Only these lines of the data below are wanted: the one with "Capitolo generale straordinario", the one with "Salesforce Commerce Cloud", and any lines between them, each repeated exactly.

- **RECORDS PROVIDED**
== Segment start ==
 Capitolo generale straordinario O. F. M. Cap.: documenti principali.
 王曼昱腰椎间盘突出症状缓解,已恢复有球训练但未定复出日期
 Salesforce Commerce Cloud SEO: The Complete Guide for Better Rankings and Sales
== Segment end ==
== Segment start ==
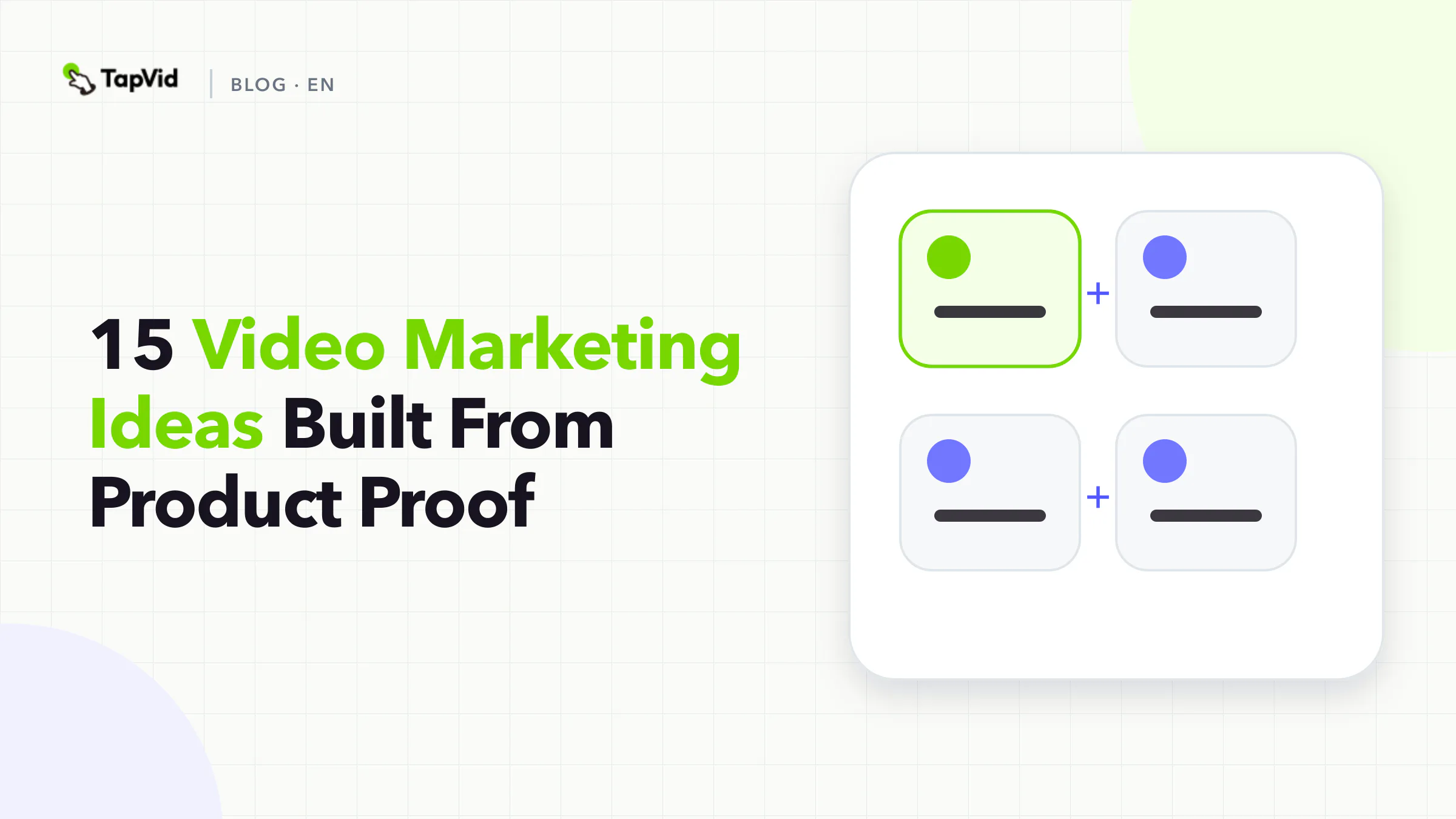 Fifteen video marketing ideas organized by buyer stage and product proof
== Segment end ==
- **ANSWER SECTION**
 Capitolo generale straordinario O. F. M. Cap.: documenti principali.
 王曼昱腰椎间盘突出症状缓解,已恢复有球训练但未定复出日期
 Salesforce Commerce Cloud SEO: The Complete Guide for Better Rankings and Sales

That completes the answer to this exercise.